# REQUIRED ACTION
Word-for-word repetition of the records below is needed, but only from the line holding "فيلا 230 متر" through the final line, with pictures excluded.

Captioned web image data
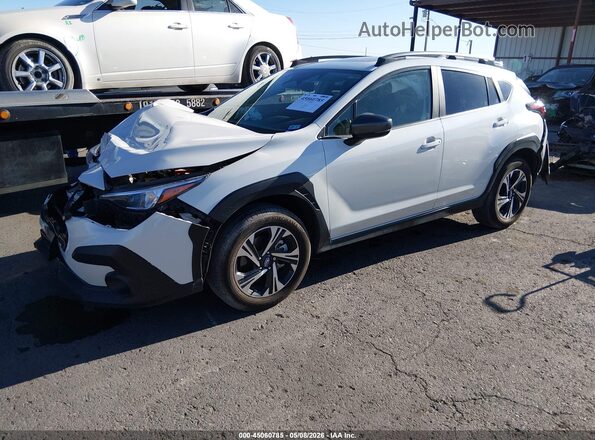 JF2GUHDC7S8203429 2025 SUBARU CROSSTREK White წინა მარცხენა ხედი სამი მეოთხედიდან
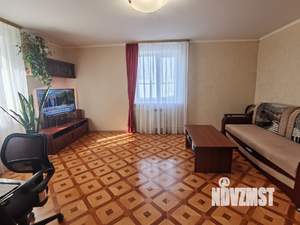 Дом 87м&sup2;, 2-этажный, участок 10 сот.  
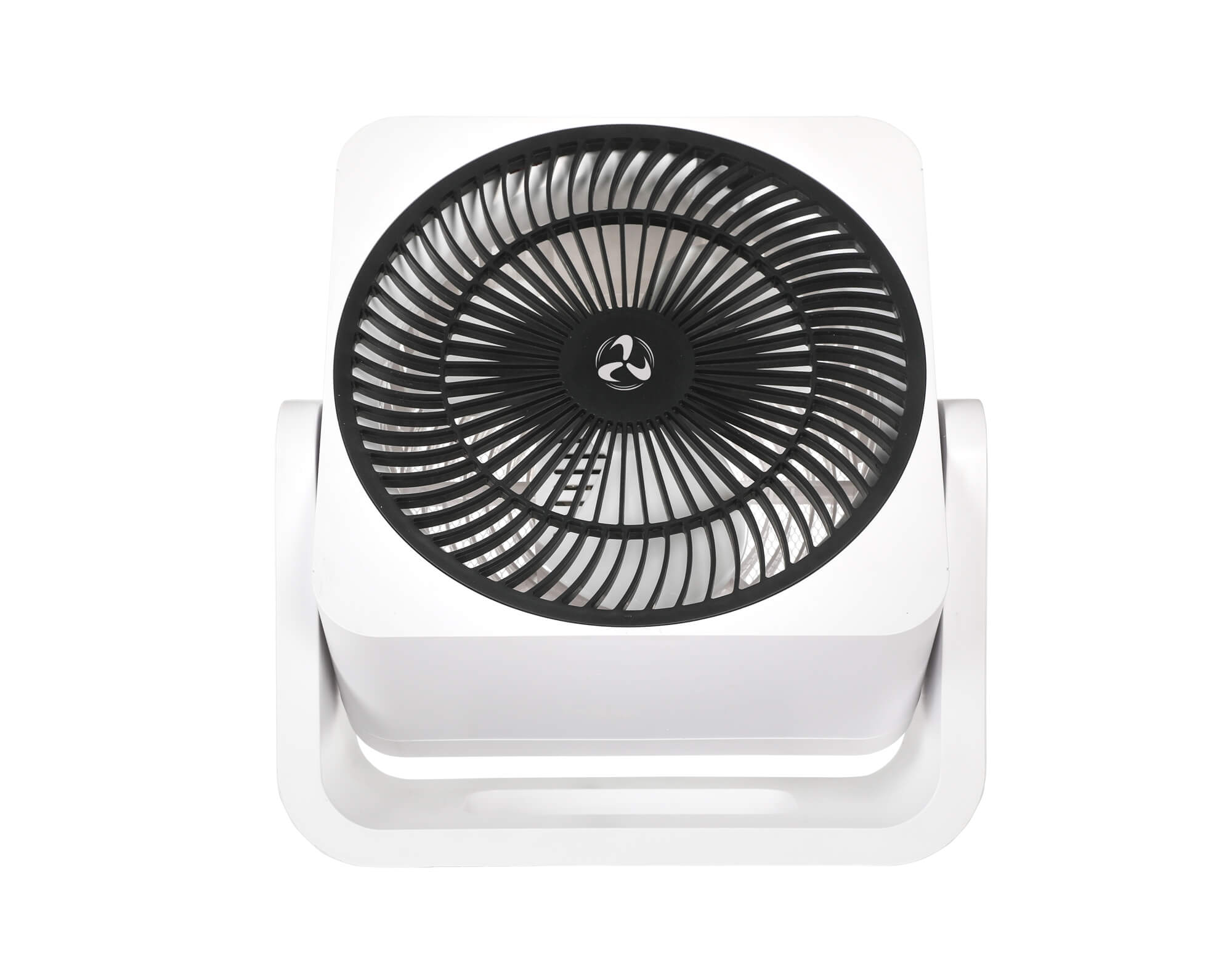 Weißer quadratischer Ventilator mit schwarzen Lüfterblättern, Draufsicht, freigestellt.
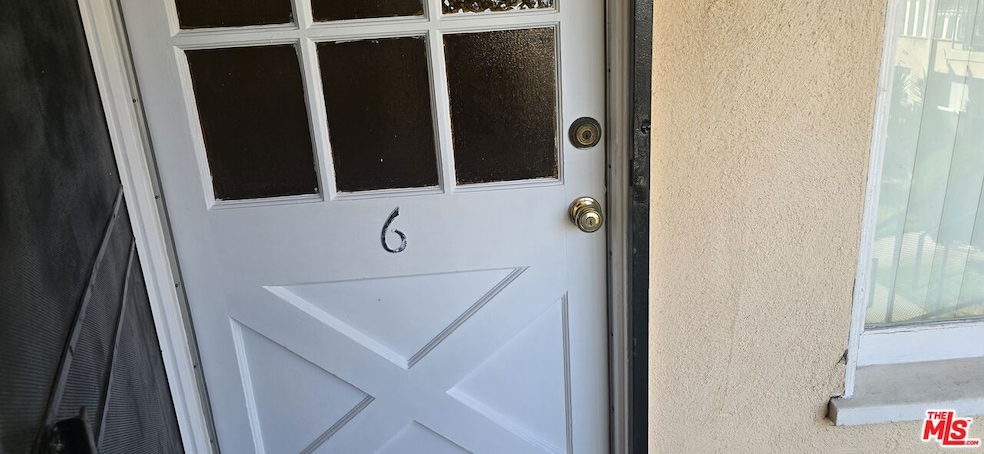 2635 W Imperial Hwy unit 6, Inglewood, CA 90303 - photo 1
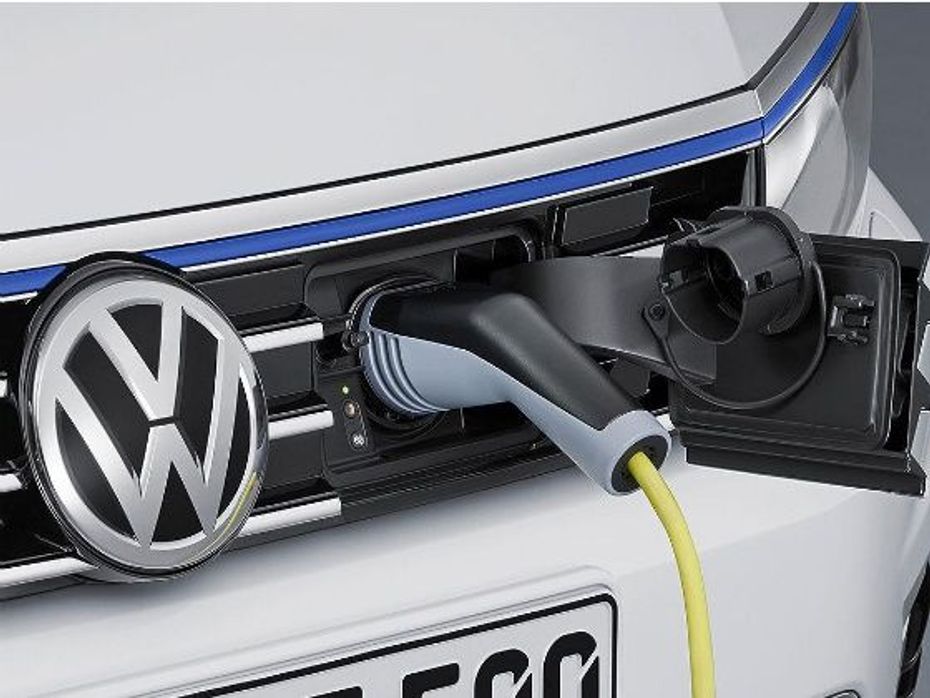 Volkswagen Passat GTE grille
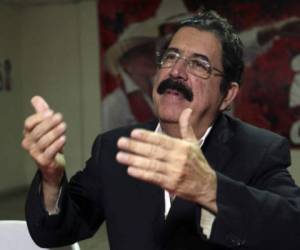 El coordinador de la Alianza de Oposición, Manuel Zelaya, pidió a todos los grupos unirse para las elecciones de noviembre.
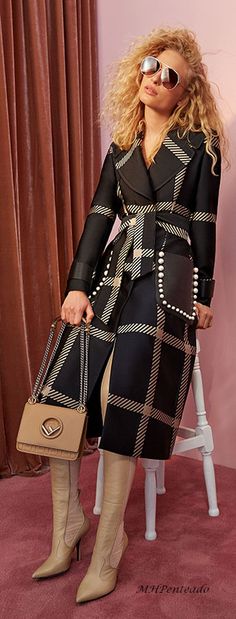 Fendi Resort 2018 Fendi Outfits, Checkered Coat, Woolen Coat, Fashion 2018, Coat Fashion, Spring Fashion, Chic Style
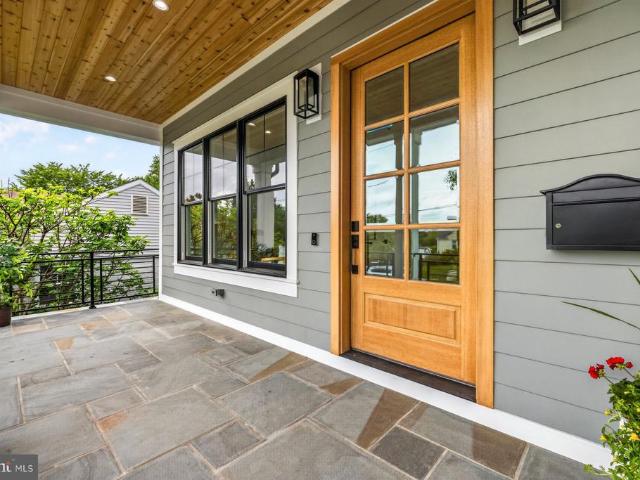5015 Cushing Drive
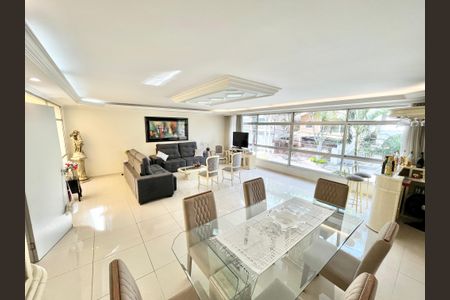 Casa à venda com 288m², 3 quartos e 3 vagasSala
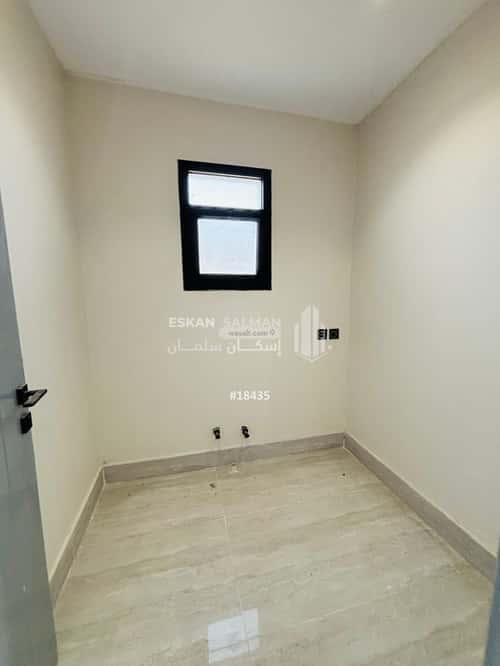 فيلا 230 متر مربع جنوبية على شارع 20م منسوبي التعليم الأول، الاحساء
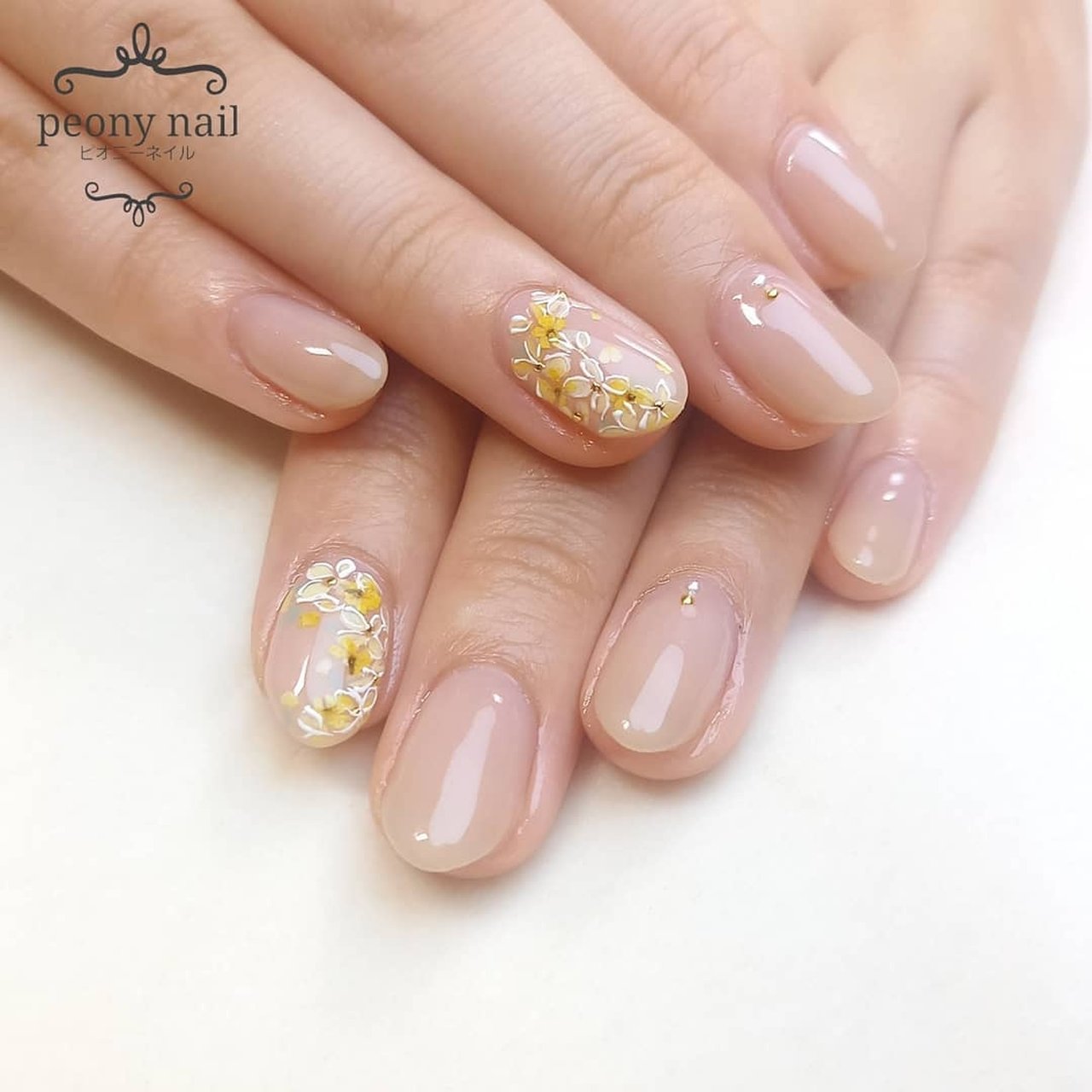 春 オフィス ブライダル パーティー ハンド Peony Nail ピオニーネイル横浜のネイルデザイン No ネイルブック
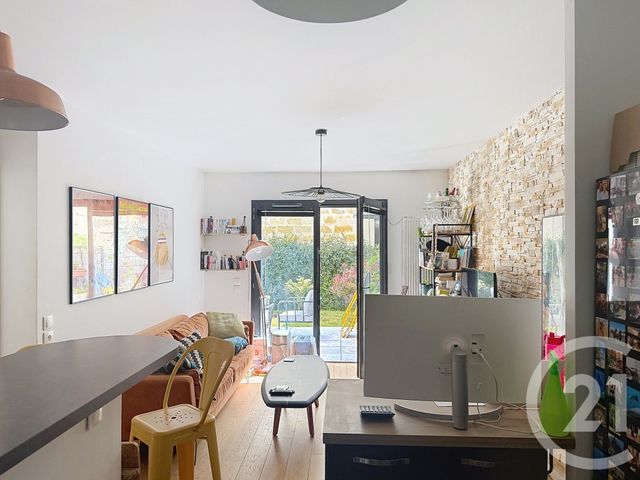Appartement T2 &agrave; louer - 2 pi&egrave;ces - 47,07 m2 - Bordeaux - 33 - AQUITAINE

# RESPONSE BELOW
 فيلا 230 متر مربع جنوبية على شارع 20م منسوبي التعليم الأول، الاحساء
 春 オフィス ブライダル パーティー ハンド Peony Nail ピオニーネイル横浜のネイルデザイン No ネイルブック
Appartement T2 &agrave; louer - 2 pi&egrave;ces - 47,07 m2 - Bordeaux - 33 - AQUITAINE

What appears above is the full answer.